Die AKP- Regierung braucht Wachstum für ihren politischen Erfolg

Hinzu kommt, dass sich in den Jahren von 2009 bis 2013 das Leistungsbilanzdefizit um 10 Prozent erhöhte. Gleichzeitig fiel das Wachstum des Bruttoinlandsproduktes 2012 auf lediglich 2 Prozent, nachdem eigentlich 4 Prozent angestrebt worden waren. Das ist nach den Jahren des serienmäßigen Erfolgs ernüchternd.

Gerade die Regierung möchte das ändern. In den kommenden zwei Jahren werden drei Wahlen abgehalten: Kommunalwahlen, Präsidentschaftswahlen und Parlamentswahlen. Die regierende AKP möchte deshalb jetzt erst recht Erfolge vorweisen können, denn was den Wählern im Kopf hängen bleibt, das sind zumeist immer die letzten Ergebnisse einer Partei. Die AKP kann es sich deswegen nicht leisten, sich auf den Lorbeeren auszuruhen. Der wirtschaftliche Erfolg der Türkei ist entscheidend für den Erfolg der AKP bei den nächsten Wahlen. Ziel der AKP ist es, in diesem Jahr ein Wachstum von 4 bis 5 Prozent zu erreichen.

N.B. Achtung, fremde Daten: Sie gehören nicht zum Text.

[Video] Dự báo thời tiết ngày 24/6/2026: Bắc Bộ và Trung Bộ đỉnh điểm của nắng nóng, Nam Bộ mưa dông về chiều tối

Abhängig vom heimischen Markt

Die Regierung setzt aus diesem Grund auch Anreize. Letzte Woche senkte die türkische Zentralbank ihren Leitzins um einen halben Prozentpunkt von 5,0 auf 4,5 Prozent. Die Bank verteidigte die Senkung wie folgt: „Während sich unser Binnenmarkt einigermaßen positiv entwickelt, zeigt der Export ins Ausland auf Grund der schwachen internationalen Nachfrage noch Schwächen. Wir müssen die heimische Nachfrage konsolidieren.“

Der Fokus liegt demnach auf dem heimischen Konsum. Der Binnenmarkt soll Wachstumsmotor des Landes sein. Eigentlich nichts Neues für die Türkei. Die türkische Volkswirtschaft wuchs in den letzten Jahren ohnehin hauptsächlich aufgrund der starken Binnennachfrage. Das Land wächst aus sich selbst heraus.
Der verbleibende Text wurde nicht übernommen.